Task directions =>
Could you repeat every record exactly as it appears?

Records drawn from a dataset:
_ _ _ _

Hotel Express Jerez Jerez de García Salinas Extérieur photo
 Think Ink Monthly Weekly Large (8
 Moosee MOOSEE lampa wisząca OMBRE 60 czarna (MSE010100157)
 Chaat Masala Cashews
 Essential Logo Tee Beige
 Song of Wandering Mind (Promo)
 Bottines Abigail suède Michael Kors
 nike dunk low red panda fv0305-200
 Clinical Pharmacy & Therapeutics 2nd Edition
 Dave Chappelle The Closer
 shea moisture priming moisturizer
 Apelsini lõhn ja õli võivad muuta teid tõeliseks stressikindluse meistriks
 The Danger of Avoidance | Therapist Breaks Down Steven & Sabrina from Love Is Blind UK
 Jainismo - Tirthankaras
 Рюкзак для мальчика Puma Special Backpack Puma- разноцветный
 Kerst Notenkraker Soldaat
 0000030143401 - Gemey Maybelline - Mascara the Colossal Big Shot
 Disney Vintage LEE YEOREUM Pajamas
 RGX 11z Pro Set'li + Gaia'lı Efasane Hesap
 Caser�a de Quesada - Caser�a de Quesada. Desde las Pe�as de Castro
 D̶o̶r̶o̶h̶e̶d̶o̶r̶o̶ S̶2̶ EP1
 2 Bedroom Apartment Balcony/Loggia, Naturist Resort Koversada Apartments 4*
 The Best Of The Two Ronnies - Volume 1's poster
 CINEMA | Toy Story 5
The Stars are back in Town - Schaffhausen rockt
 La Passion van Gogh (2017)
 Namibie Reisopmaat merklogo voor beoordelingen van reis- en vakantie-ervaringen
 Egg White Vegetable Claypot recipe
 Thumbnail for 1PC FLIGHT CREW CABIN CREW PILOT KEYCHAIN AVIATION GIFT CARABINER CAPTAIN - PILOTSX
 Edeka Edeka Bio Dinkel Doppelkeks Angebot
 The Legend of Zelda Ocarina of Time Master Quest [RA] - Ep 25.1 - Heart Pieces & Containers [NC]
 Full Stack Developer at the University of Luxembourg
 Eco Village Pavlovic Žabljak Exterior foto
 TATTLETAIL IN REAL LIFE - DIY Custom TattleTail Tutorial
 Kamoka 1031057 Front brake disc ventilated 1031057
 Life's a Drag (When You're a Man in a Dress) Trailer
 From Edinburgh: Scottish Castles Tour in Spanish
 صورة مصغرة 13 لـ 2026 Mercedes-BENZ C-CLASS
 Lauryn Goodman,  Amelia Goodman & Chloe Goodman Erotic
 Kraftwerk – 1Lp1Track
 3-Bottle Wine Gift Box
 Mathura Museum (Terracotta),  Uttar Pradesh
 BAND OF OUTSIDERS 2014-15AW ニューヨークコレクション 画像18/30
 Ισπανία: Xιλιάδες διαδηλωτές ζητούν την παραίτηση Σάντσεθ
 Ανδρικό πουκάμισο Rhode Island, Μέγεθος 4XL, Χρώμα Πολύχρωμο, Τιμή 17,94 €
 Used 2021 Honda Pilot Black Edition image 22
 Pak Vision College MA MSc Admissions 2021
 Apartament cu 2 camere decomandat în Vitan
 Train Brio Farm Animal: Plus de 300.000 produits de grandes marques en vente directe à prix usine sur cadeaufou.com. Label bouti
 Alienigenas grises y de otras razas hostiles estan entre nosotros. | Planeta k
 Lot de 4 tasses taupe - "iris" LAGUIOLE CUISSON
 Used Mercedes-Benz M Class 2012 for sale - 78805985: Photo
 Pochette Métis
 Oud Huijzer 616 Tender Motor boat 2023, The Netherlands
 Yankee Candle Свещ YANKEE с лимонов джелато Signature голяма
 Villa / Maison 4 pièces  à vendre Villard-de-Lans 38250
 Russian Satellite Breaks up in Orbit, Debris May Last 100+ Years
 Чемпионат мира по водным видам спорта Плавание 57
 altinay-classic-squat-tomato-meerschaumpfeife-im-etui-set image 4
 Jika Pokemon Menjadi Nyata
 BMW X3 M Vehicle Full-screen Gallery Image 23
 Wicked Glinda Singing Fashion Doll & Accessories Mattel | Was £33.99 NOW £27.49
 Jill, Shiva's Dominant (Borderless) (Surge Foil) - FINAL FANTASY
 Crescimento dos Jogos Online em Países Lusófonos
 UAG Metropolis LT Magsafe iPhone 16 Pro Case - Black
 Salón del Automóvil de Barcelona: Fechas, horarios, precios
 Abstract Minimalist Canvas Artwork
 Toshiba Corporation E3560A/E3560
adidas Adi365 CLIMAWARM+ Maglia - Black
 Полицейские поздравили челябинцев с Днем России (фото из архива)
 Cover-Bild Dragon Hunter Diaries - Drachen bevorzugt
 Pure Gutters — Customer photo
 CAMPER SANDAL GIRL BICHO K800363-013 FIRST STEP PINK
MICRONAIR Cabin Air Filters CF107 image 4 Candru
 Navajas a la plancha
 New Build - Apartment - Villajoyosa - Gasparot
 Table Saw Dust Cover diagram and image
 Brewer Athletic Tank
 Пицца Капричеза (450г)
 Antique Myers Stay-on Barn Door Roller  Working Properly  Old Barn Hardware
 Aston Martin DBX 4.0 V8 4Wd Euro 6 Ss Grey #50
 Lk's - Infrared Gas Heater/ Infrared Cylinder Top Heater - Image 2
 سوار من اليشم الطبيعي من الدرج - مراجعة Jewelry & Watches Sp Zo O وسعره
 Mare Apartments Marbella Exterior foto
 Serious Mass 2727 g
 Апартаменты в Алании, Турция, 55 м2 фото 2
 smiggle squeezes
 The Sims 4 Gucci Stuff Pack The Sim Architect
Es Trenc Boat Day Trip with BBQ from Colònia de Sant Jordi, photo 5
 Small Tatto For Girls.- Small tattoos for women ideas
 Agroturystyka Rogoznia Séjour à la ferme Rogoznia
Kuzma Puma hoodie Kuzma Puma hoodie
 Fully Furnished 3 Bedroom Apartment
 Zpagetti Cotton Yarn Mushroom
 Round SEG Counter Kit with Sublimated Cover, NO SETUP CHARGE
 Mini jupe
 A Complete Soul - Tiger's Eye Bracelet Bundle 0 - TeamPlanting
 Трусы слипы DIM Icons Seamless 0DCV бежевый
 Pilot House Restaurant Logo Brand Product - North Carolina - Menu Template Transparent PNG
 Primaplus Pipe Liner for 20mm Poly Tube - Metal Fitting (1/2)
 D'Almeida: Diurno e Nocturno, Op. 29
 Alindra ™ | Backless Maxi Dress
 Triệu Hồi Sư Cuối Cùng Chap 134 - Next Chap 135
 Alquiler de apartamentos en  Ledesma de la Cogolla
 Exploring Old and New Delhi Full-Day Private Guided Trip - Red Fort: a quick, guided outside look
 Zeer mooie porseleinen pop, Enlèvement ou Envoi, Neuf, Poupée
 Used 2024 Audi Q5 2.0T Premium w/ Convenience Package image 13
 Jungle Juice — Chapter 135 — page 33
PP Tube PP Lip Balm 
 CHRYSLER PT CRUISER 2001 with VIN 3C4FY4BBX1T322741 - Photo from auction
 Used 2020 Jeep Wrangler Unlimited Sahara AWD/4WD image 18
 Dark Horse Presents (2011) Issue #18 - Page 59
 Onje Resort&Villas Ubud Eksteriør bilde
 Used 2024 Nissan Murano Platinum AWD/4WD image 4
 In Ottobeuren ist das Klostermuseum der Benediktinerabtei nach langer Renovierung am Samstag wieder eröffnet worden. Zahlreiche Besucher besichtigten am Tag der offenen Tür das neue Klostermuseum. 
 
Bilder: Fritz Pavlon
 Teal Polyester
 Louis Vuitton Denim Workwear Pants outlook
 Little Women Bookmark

_ _ _ _

Output of the exercise =>
Hotel Express Jerez Jerez de García Salinas Extérieur photo
 Think Ink Monthly Weekly Large (8
 Moosee MOOSEE lampa wisząca OMBRE 60 czarna (MSE010100157)
 Chaat Masala Cashews
 Essential Logo Tee Beige
 Song of Wandering Mind (Promo)
 Bottines Abigail suède Michael Kors
 nike dunk low red panda fv0305-200
 Clinical Pharmacy & Therapeutics 2nd Edition
 Dave Chappelle The Closer
 shea moisture priming moisturizer
 Apelsini lõhn ja õli võivad muuta teid tõeliseks stressikindluse meistriks
 The Danger of Avoidance | Therapist Breaks Down Steven & Sabrina from Love Is Blind UK
 Jainismo - Tirthankaras
 Рюкзак для мальчика Puma Special Backpack Puma- разноцветный
 Kerst Notenkraker Soldaat
 0000030143401 - Gemey Maybelline - Mascara the Colossal Big Shot
 Disney Vintage LEE YEOREUM Pajamas
 RGX 11z Pro Set'li + Gaia'lı Efasane Hesap
 Caser�a de Quesada - Caser�a de Quesada. Desde las Pe�as de Castro
 D̶o̶r̶o̶h̶e̶d̶o̶r̶o̶ S̶2̶ EP1
 2 Bedroom Apartment Balcony/Loggia, Naturist Resort Koversada Apartments 4*
 The Best Of The Two Ronnies - Volume 1's poster
 CINEMA | Toy Story 5
The Stars are back in Town - Schaffhausen rockt
 La Passion van Gogh (2017)
 Namibie Reisopmaat merklogo voor beoordelingen van reis- en vakantie-ervaringen
 Egg White Vegetable Claypot recipe
 Thumbnail for 1PC FLIGHT CREW CABIN CREW PILOT KEYCHAIN AVIATION GIFT CARABINER CAPTAIN - PILOTSX
 Edeka Edeka Bio Dinkel Doppelkeks Angebot
 The Legend of Zelda Ocarina of Time Master Quest [RA] - Ep 25.1 - Heart Pieces & Containers [NC]
 Full Stack Developer at the University of Luxembourg
 Eco Village Pavlovic Žabljak Exterior foto
 TATTLETAIL IN REAL LIFE - DIY Custom TattleTail Tutorial
 Kamoka 1031057 Front brake disc ventilated 1031057
 Life's a Drag (When You're a Man in a Dress) Trailer
 From Edinburgh: Scottish Castles Tour in Spanish
 صورة مصغرة 13 لـ 2026 Mercedes-BENZ C-CLASS
 Lauryn Goodman,  Amelia Goodman & Chloe Goodman Erotic
 Kraftwerk – 1Lp1Track
 3-Bottle Wine Gift Box
 Mathura Museum (Terracotta),  Uttar Pradesh
 BAND OF OUTSIDERS 2014-15AW ニューヨークコレクション 画像18/30
 Ισπανία: Xιλιάδες διαδηλωτές ζητούν την παραίτηση Σάντσεθ
 Ανδρικό πουκάμισο Rhode Island, Μέγεθος 4XL, Χρώμα Πολύχρωμο, Τιμή 17,94 €
 Used 2021 Honda Pilot Black Edition image 22
 Pak Vision College MA MSc Admissions 2021
 Apartament cu 2 camere decomandat în Vitan
 Train Brio Farm Animal: Plus de 300.000 produits de grandes marques en vente directe à prix usine sur cadeaufou.com. Label bouti
 Alienigenas grises y de otras razas hostiles estan entre nosotros. | Planeta k
 Lot de 4 tasses taupe - "iris" LAGUIOLE CUISSON
 Used Mercedes-Benz M Class 2012 for sale - 78805985: Photo
 Pochette Métis
 Oud Huijzer 616 Tender Motor boat 2023, The Netherlands
 Yankee Candle Свещ YANKEE с лимонов джелато Signature голяма
 Villa / Maison 4 pièces  à vendre Villard-de-Lans 38250
 Russian Satellite Breaks up in Orbit, Debris May Last 100+ Years
 Чемпионат мира по водным видам спорта Плавание 57
 altinay-classic-squat-tomato-meerschaumpfeife-im-etui-set image 4
 Jika Pokemon Menjadi Nyata
 BMW X3 M Vehicle Full-screen Gallery Image 23
 Wicked Glinda Singing Fashion Doll & Accessories Mattel | Was £33.99 NOW £27.49
 Jill, Shiva's Dominant (Borderless) (Surge Foil) - FINAL FANTASY
 Crescimento dos Jogos Online em Países Lusófonos
 UAG Metropolis LT Magsafe iPhone 16 Pro Case - Black
 Salón del Automóvil de Barcelona: Fechas, horarios, precios
 Abstract Minimalist Canvas Artwork
 Toshiba Corporation E3560A/E3560
adidas Adi365 CLIMAWARM+ Maglia - Black
 Полицейские поздравили челябинцев с Днем России (фото из архива)
 Cover-Bild Dragon Hunter Diaries - Drachen bevorzugt
 Pure Gutters — Customer photo
 CAMPER SANDAL GIRL BICHO K800363-013 FIRST STEP PINK
MICRONAIR Cabin Air Filters CF107 image 4 Candru
 Navajas a la plancha
 New Build - Apartment - Villajoyosa - Gasparot
 Table Saw Dust Cover diagram and image
 Brewer Athletic Tank
 Пицца Капричеза (450г)
 Antique Myers Stay-on Barn Door Roller  Working Properly  Old Barn Hardware
 Aston Martin DBX 4.0 V8 4Wd Euro 6 Ss Grey #50
 Lk's - Infrared Gas Heater/ Infrared Cylinder Top Heater - Image 2
 سوار من اليشم الطبيعي من الدرج - مراجعة Jewelry & Watches Sp Zo O وسعره
 Mare Apartments Marbella Exterior foto
 Serious Mass 2727 g
 Апартаменты в Алании, Турция, 55 м2 фото 2
 smiggle squeezes
 The Sims 4 Gucci Stuff Pack The Sim Architect
Es Trenc Boat Day Trip with BBQ from Colònia de Sant Jordi, photo 5
 Small Tatto For Girls.- Small tattoos for women ideas
 Agroturystyka Rogoznia Séjour à la ferme Rogoznia
Kuzma Puma hoodie Kuzma Puma hoodie
 Fully Furnished 3 Bedroom Apartment
 Zpagetti Cotton Yarn Mushroom
 Round SEG Counter Kit with Sublimated Cover, NO SETUP CHARGE
 Mini jupe
 A Complete Soul - Tiger's Eye Bracelet Bundle 0 - TeamPlanting
 Трусы слипы DIM Icons Seamless 0DCV бежевый
 Pilot House Restaurant Logo Brand Product - North Carolina - Menu Template Transparent PNG
 Primaplus Pipe Liner for 20mm Poly Tube - Metal Fitting (1/2)
 D'Almeida: Diurno e Nocturno, Op. 29
 Alindra ™ | Backless Maxi Dress
 Triệu Hồi Sư Cuối Cùng Chap 134 - Next Chap 135
 Alquiler de apartamentos en  Ledesma de la Cogolla
 Exploring Old and New Delhi Full-Day Private Guided Trip - Red Fort: a quick, guided outside look
 Zeer mooie porseleinen pop, Enlèvement ou Envoi, Neuf, Poupée
 Used 2024 Audi Q5 2.0T Premium w/ Convenience Package image 13
 Jungle Juice — Chapter 135 — page 33
PP Tube PP Lip Balm 
 CHRYSLER PT CRUISER 2001 with VIN 3C4FY4BBX1T322741 - Photo from auction
 Used 2020 Jeep Wrangler Unlimited Sahara AWD/4WD image 18
 Dark Horse Presents (2011) Issue #18 - Page 59
 Onje Resort&Villas Ubud Eksteriør bilde
 Used 2024 Nissan Murano Platinum AWD/4WD image 4
 In Ottobeuren ist das Klostermuseum der Benediktinerabtei nach langer Renovierung am Samstag wieder eröffnet worden. Zahlreiche Besucher besichtigten am Tag der offenen Tür das neue Klostermuseum. 
 
Bilder: Fritz Pavlon
 Teal Polyester
 Louis Vuitton Denim Workwear Pants outlook
 Little Women Bookmark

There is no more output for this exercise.